According to Shaanika such a setup has potential to kill the job market as the local companies are not being given equal time to grow at the same rate with their international competitors.
He goes on to argue that the move to award big projects to foreigners is tantamount to allowing heavy capital flight and sacrificing local development.
Perhaps he has a point there but where do we draw the line between balancing the need for foreign investment and creating opportunities for the local companies. It should be understood that the issue is a typical double-edged sword and needs to be looked at with utmost care.
Governments by nature are not associated with creating employment but rather should create an enabling environment that allows both local and foreign investors to blossom. The Government needs to enact laws that attract investors and also allow for a favourable environment to do business in for all investors.
It then becomes the role of the various industry role players to make sure that they take advantage of the environment to grow and position themselves with the relevant skills to tackle any jobs that come from Government.
We have a feeling that the NCCI in their calls for the Government to prioritise local companies when giving tenders is somewhat missing the point and the issue here is that NCCI members and business in general should not be found wanting when big tenders are released.
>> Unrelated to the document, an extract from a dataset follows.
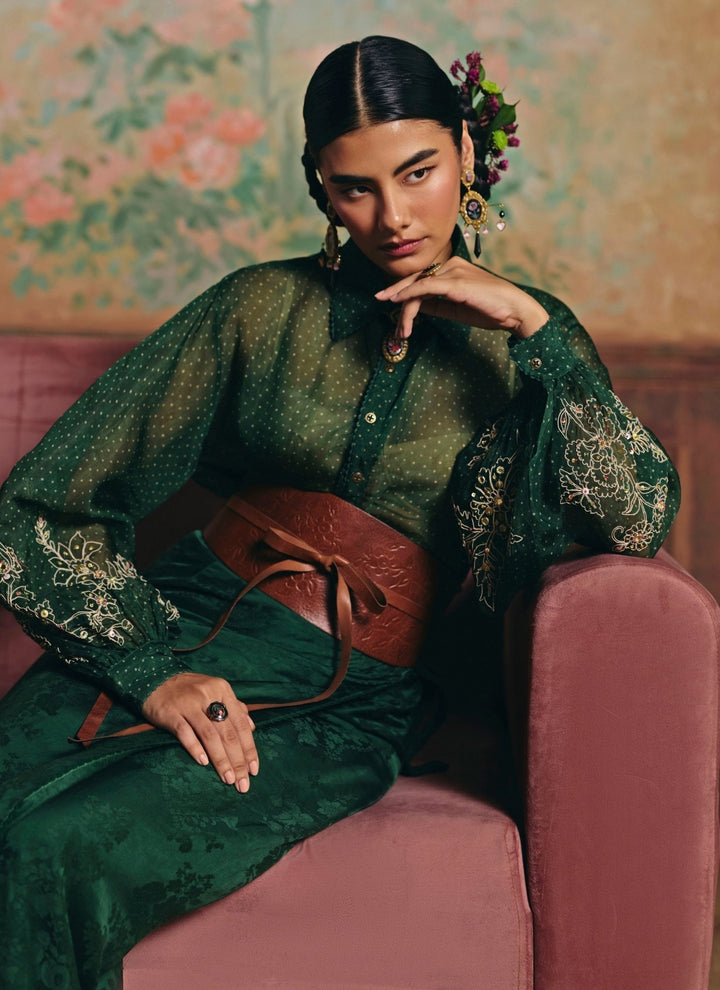 Paulmi and Harsh Emerald Green Jacquard Skirt SetFabilicious Fashion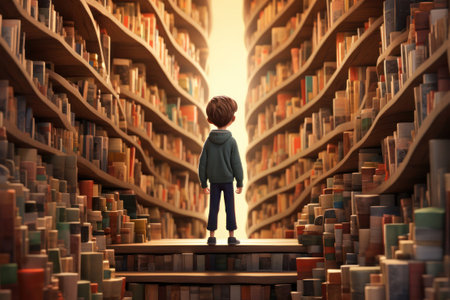 Boy standing in the middle of a huge pile of old books conceptの素材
If we take for example all the bigger projects that Government has given in the past three years, including the nerckatal dam project or the expansion of the Walvis Bay Port, we would not have any local company with capacity to execute these projects.
There is a severe shortage of technical capacity when it comes to local companies executing some of the jobs that are given by government. That being the case it does not stop locals from conjuring up joint ventures with foreign companies where they can easily gain the skills needed for the future, not to mention the capital flow that will see them benefiting in future.
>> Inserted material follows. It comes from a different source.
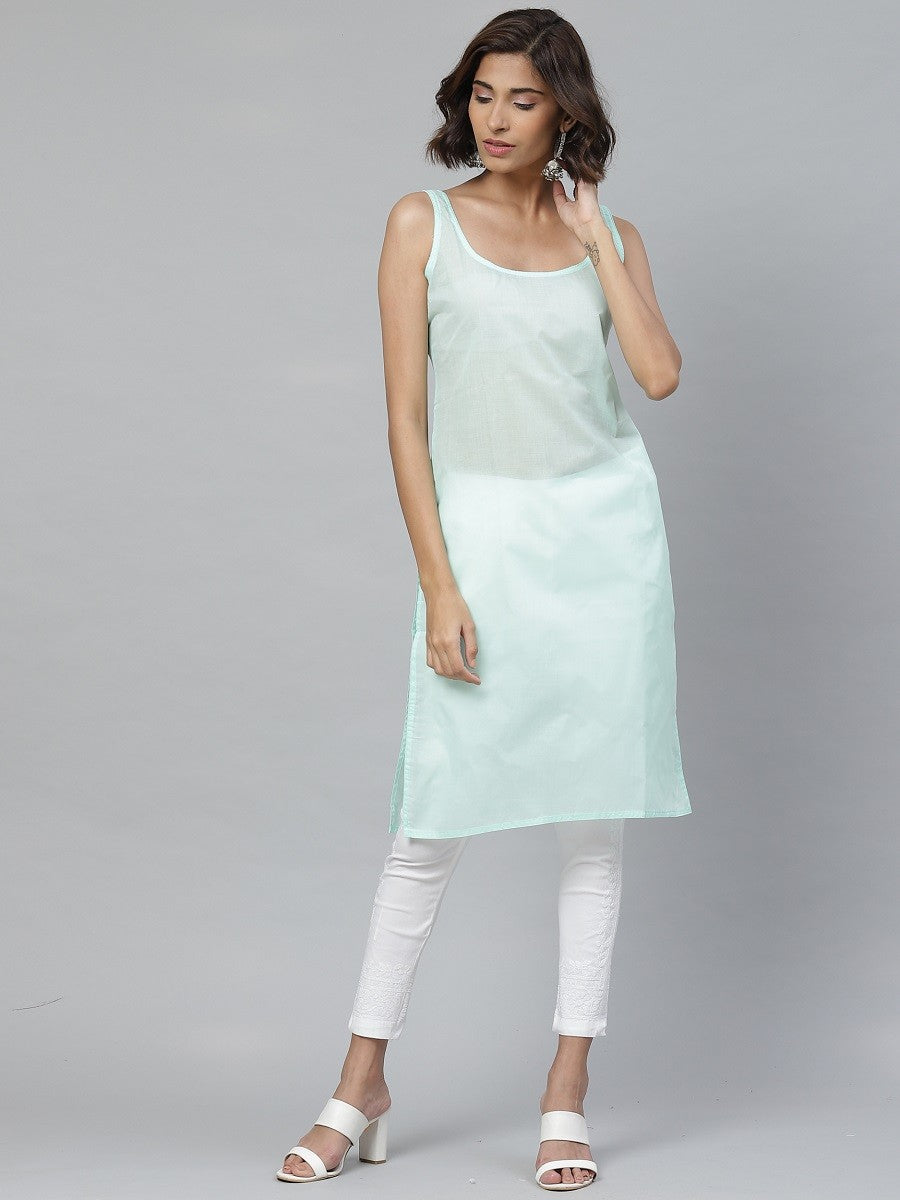 Ada Hand Embroidered Sea Green And White Georgette Lucknowi Chikankari Kurta Set with Slip A100540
It is also imperative that we understand that the Government has done a tremendous job in making Namibia an attractive destination for investors, hence we will expect more and more foreign companies to keep coming so local entrepreneurs cannot become cry-babies forever, rather they must work on improving themselves instead of demanding industry protection.
It is also unfortunate that some of the bigger international companies take projects with concessionary loans which is somewhat an advantage for government as they are guaranteed of project execution. There are some local companies that have also not made life easier when they get lucrative tenders and fail to deliver.
This has cast a shadow of doubt on many other local companies with potential and ability to deliver their targets in time.
NCCI in this case should be more consumed with delivery and taking full advantage of the available opportunities in the country instead of blaming foreign investors for failure to meet their targets.